These varieties require isolation to develop their best flavor. Plant them at least 300 feet away from other types or grow them so the tasseling time is kept apart by at least two weeks. Popular varieties include Honey & Pearl (bicolor), How Sweet It Is (white), Illini Extra Sweet (yellow), Phenomenal (bicolor) and Super Sweet Jubilee (yellow).

Sugar-enhanced varieties include some of my personal favorites. Breeders Choice (bicolor), Incredible (yellow), Maple Sweet (yellow), Miracle (yellow), Platinum Lady (white) and Sugar Buns (yellow) are all excellent kinds that grow well in our area. Isolation of these types is recommended but not required.

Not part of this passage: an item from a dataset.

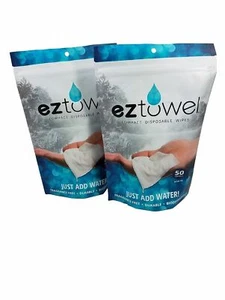 2 Bags EZ-Towels 100 Tablets Total, Reusable With 2 Tubes of Ten Tablets - Picture 1 of 7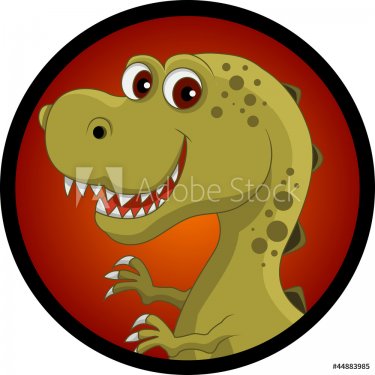 funny dinosaur head cartoon - 900949475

Corn grows easily in our area if you follow a few simple guidelines. The planting site is critical. The plant will never produce well without maximum sun. If the garden is shady, choose something else to try there. This need for sun also necessitates proper spacing. Overcrowding can prevent the stalks from forming ears. When rows are spaced 36 inches apart, thin the plants to 9 inches between single plants. When plants are spaced correctly, they produce a couple of nice ears per plant. They will also develop tillers, or side shoots, on the plants. Let these develop to nurture the developing ears.

Plant corn when the soil temperatures are warm enough to germinate the seed quickly. Plant when danger of frost is past. Ideally the soil temperature at the planting depth should be 50 degrees Fahrenheit for three suc-ces-sive mornings when measured at 9 a.m. Although you may not be that precise, wait for the soil to warm up so the seed does not decay before germinating. With proper planning you can harvest several crops throughout the summer. Many books recommend planting every two weeks for continuous harvest. Since corn develops based on temperature, the two-week interval may not keep the crops two weeks apart at harvest time. A better way to plan for a continuous harvest is to make the next planting when the previously planted corn has grown 6 inches tall and has three to four leaves.

Corn is a grass and loves nitrogen fertilizer. Apply one cup of ammonium sulfate per 50 feet of row every three weeks for maximum production. It also requires plenty of water, especially during silking, to prevent skipped kernels on the ears.

Plant as much of this wonderful vegetable as you can spare room for in your garden. These tasty treats are truly some of the finest you will enjoy this summer.